◆ Exercise aim: When you reach the line that contains "<span class='glyphicon glyphicon-cloud-download'></span>" in the data below, start reproducing lines exactly, and stop after the line that contains "<span></span>".

◆ Data extracts:
· · · · · · ·
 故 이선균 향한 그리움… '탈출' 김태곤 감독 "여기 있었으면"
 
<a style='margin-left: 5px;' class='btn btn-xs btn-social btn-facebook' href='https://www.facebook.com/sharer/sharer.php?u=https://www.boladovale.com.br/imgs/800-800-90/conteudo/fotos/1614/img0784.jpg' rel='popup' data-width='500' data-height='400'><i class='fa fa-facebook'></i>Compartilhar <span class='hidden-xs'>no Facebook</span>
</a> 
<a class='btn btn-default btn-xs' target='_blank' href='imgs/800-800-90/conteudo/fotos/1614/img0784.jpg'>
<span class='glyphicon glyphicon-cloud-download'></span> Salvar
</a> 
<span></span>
· · · · · · ·
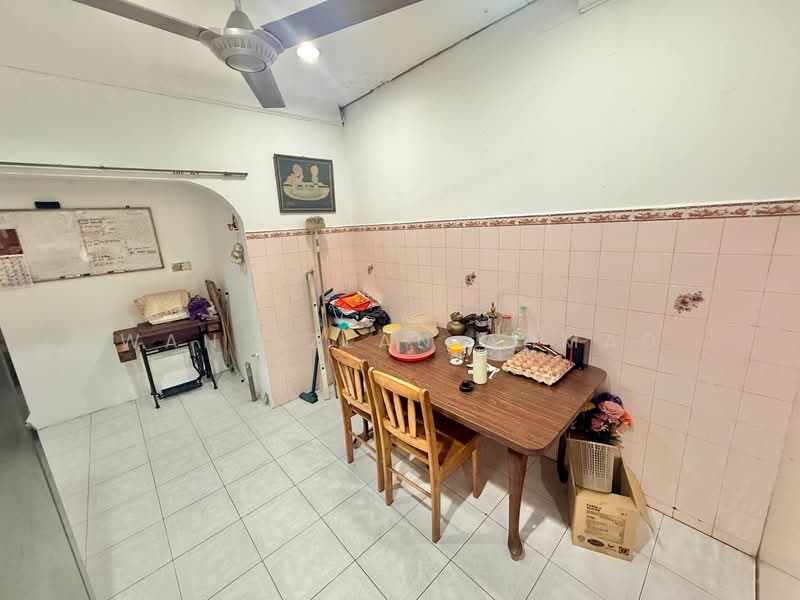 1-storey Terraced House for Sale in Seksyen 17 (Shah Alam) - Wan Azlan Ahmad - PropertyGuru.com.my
· · · · · · ·
◆ Answer box:
<span class='glyphicon glyphicon-cloud-download'></span> Salvar
</a> 
<span></span>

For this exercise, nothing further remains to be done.